In the absence of any evidence indicating a legitimate reason for registering the disputed domain name, the Panel finds that the Complainant has satisfied paragraph 4(a)(ii) of the Policy.
C. Registered and Used in Bad Faith
The Panel finds that the Complainant has satisfied its burden of proof in establishing the Respondent’s bad faith registration and use. Paragraph 4(b)(iv) states that evidence of bad faith may include a respondent’s use of a domain name to intentionally attempt to attract, for commercial gain.
Due to the worldwide renown of the CLIFFORD CHANCE mark, it is inconceivable that the Respondent registered the disputed domain name without knowledge of the Complainant.

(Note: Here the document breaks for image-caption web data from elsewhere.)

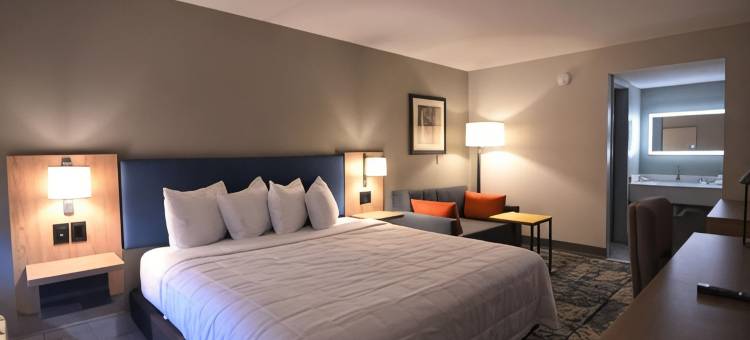 松林呗盟温德姆酒店(Baymont by Wyndham Pine Grove I-81)图片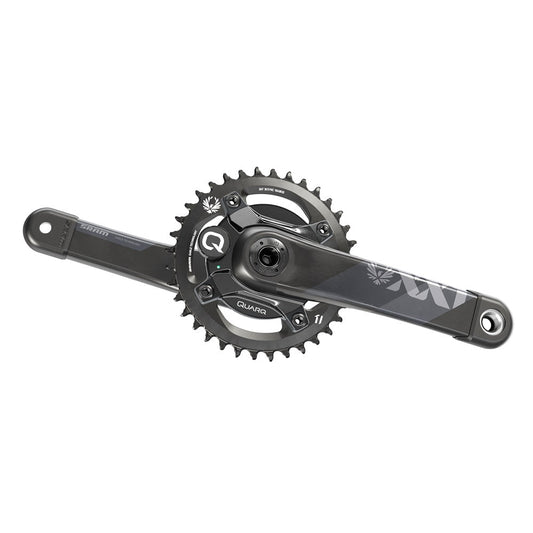 Volante SRAM Potenciómetro Eagle XX1 C1 DUB Boost 52mm BCD104 32T 175mm - FIERRIDE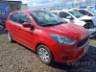 2016 FORD KA 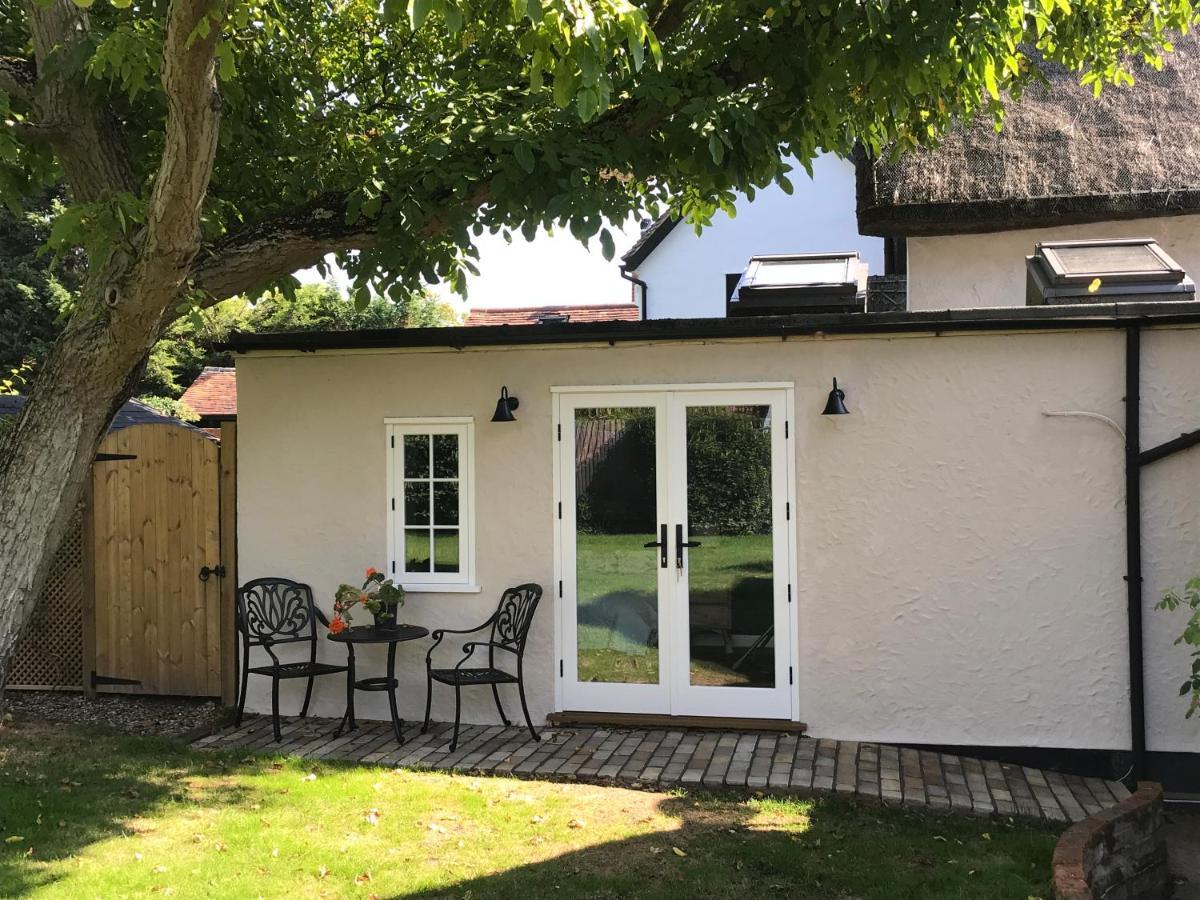 Corner House Luxury Bnb Little Dunmow Εξωτερικό φωτογραφία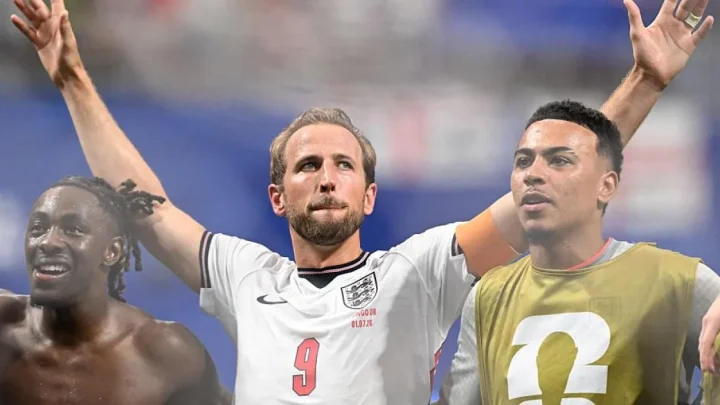 Thierry Henry stunned by Harry Kane moment vs DR Congo: ‘I’d break my back!’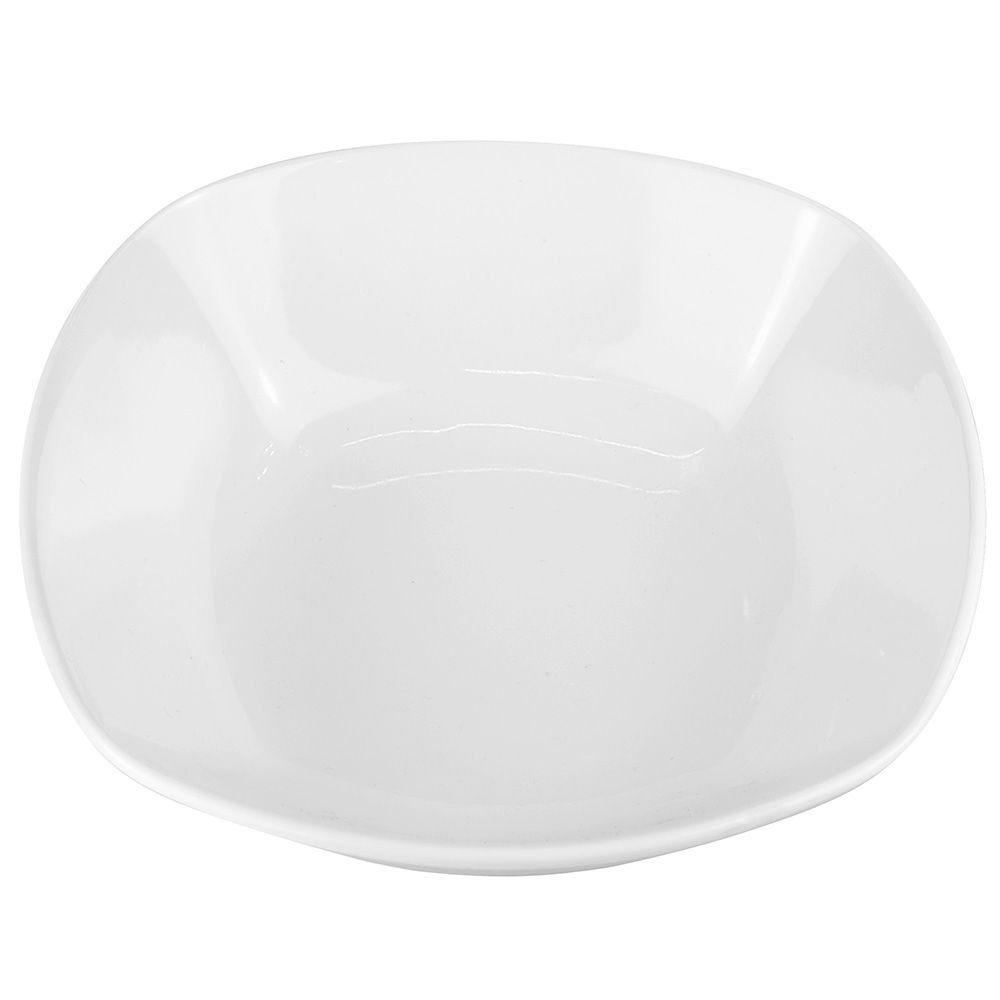 Салатник квадратный белье 550 мл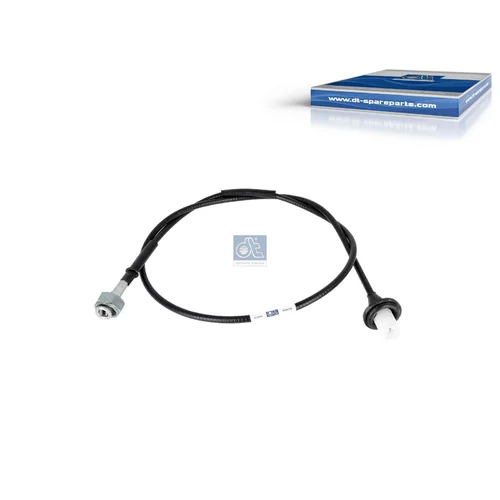 Hriadeľ tachometra DT Spare Parts 12.38141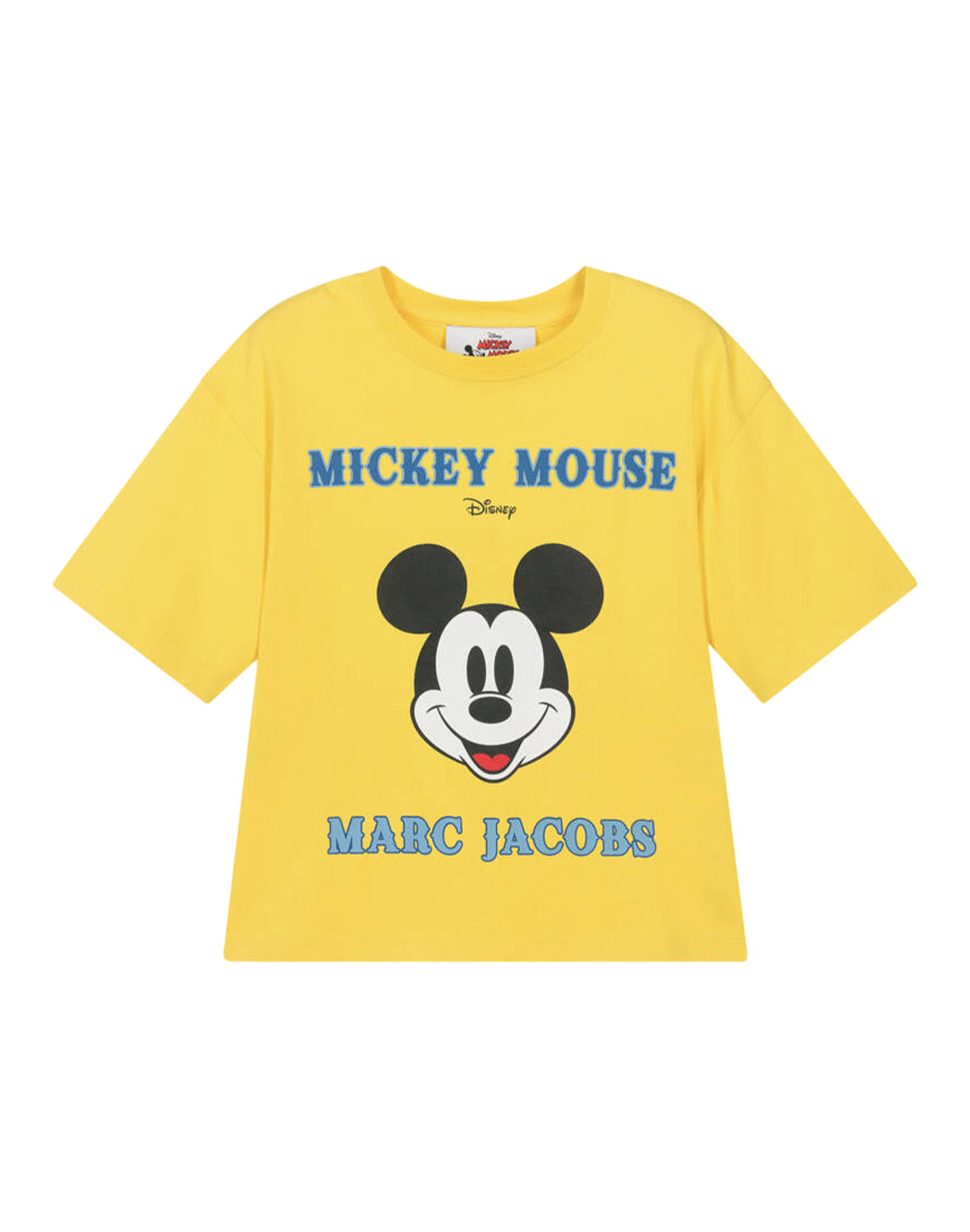 Marc Jacobs X Mickey Mouse  Giallo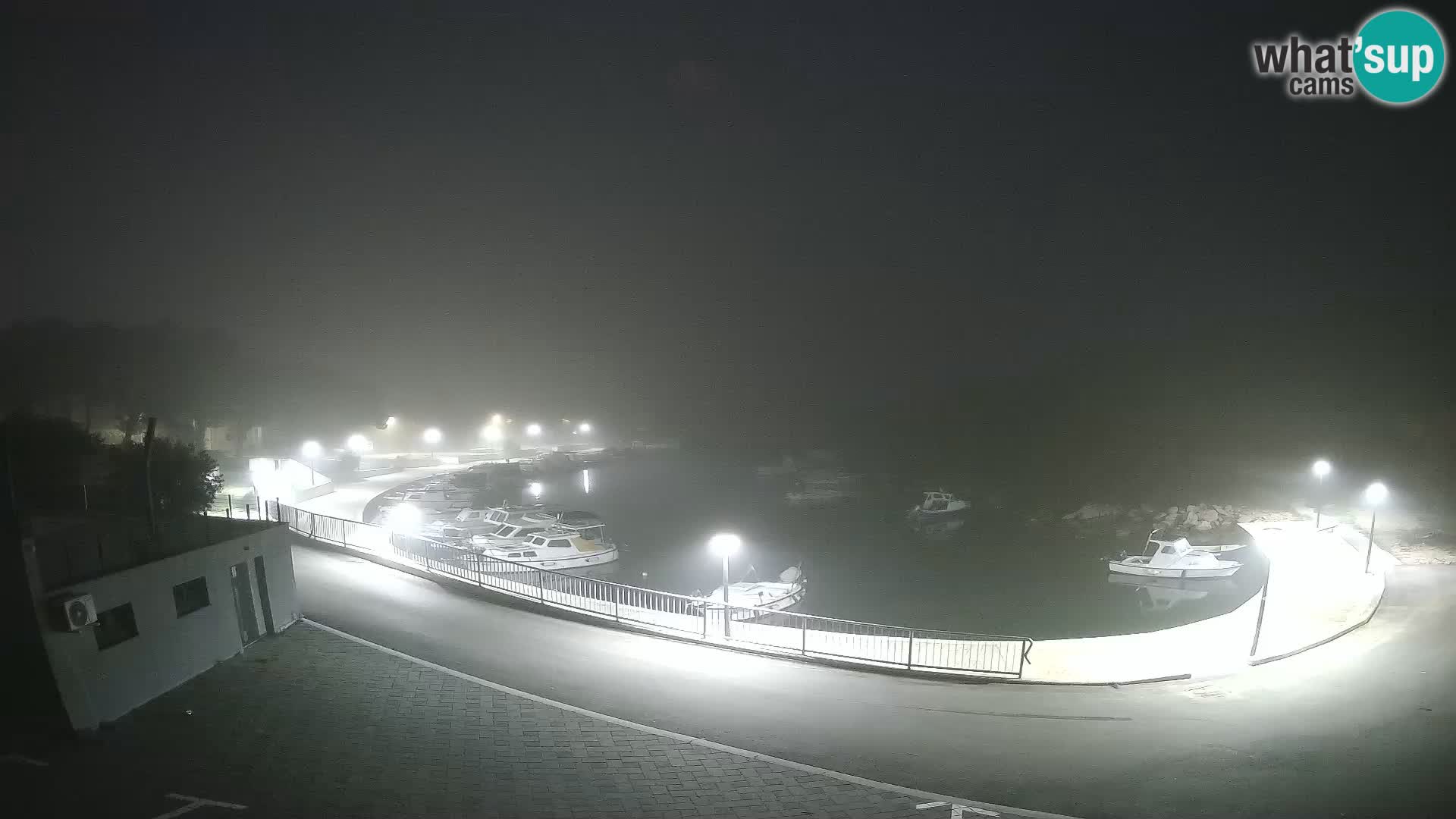 Web kamera Sovlje – ANTIC zaljev – Tribunj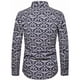thumbnail image 4 of Camisa Hombre Casual Hip-hop Moda Alta Calidad Gran Tamaño, 4 of 8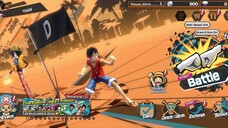 Coba Pindah OS di One Piece Bounty Rush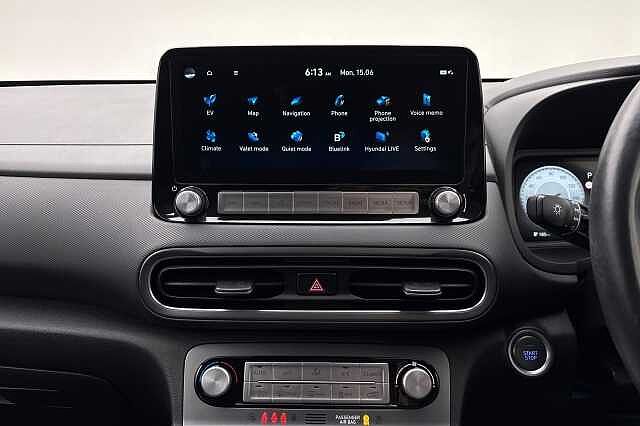 Hyundai KONA 150kW Premium 64kWh 5dr Auto Green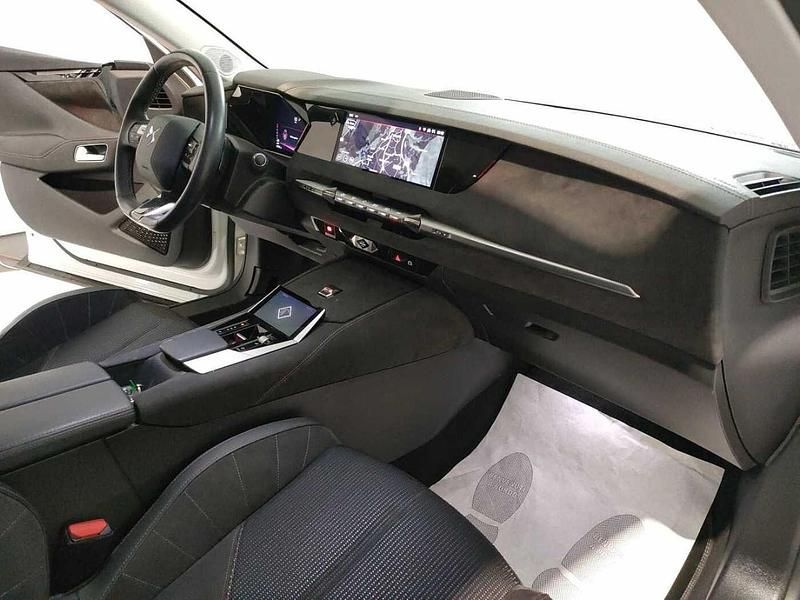 Usata DS Automobiles DS4 Performance Line Plus 131 CV (96 kW) 2022 Bianco SUV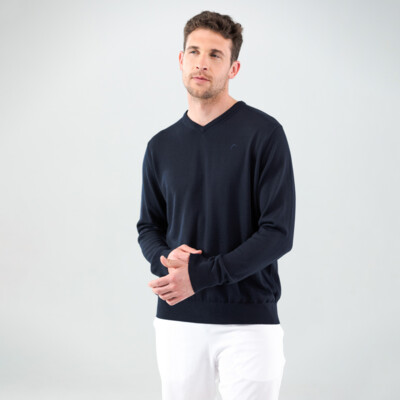 Product overview - HEAD Pullover Men black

Currently, the disputed domain name resolves to the Registrar’s landing page with PPC links offering legal services competing with the Complainant. See section 3.5 of the WIPO Overview of WIPO Panel Views on Selected UDRP Questions, Third Edition (“WIPO Overview 3.0”). However, the Complainant has submitted that an MX (mail exchange) record has been linked to the disputed domain name that could allow the Respondent to send and receive emails. This action infers the Respondent intends to use the disputed domain name to contact people in a manner which would lead the recipients to believe that they are being contacted by the Complainant. In the absence of any evidence or explanation from the Respondent, the Panel finds that the only plausible basis for registering the disputed domain name would be for illegitimate purposes.
Accordingly, the Panel concludes that the Complainant has satisfied paragraph 4(a)(iii) of the Policy.
For the foregoing reasons, in accordance with paragraphs 4(i) of the Policy and 15 of the Rules, the Panel orders that the disputed domain name <cliffordchancefirms.com> be transferred to the Complainant.